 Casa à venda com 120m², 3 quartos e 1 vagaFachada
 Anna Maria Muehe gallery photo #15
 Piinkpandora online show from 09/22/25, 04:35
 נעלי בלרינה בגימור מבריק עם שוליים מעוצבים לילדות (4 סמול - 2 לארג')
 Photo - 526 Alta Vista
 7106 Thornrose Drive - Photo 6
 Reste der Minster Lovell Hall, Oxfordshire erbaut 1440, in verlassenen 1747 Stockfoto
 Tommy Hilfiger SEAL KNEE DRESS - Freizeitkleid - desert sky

[About this exercise] The reply must present every entry, transcribed with its exact wording.

[Answer to the problem]
 Casa à venda com 120m², 3 quartos e 1 vagaFachada
 Anna Maria Muehe gallery photo #15
 Piinkpandora online show from 09/22/25, 04:35
 נעלי בלרינה בגימור מבריק עם שוליים מעוצבים לילדות (4 סמול - 2 לארג')
 Photo - 526 Alta Vista
 7106 Thornrose Drive - Photo 6
 Reste der Minster Lovell Hall, Oxfordshire erbaut 1440, in verlassenen 1747 Stockfoto
 Tommy Hilfiger SEAL KNEE DRESS - Freizeitkleid - desert sky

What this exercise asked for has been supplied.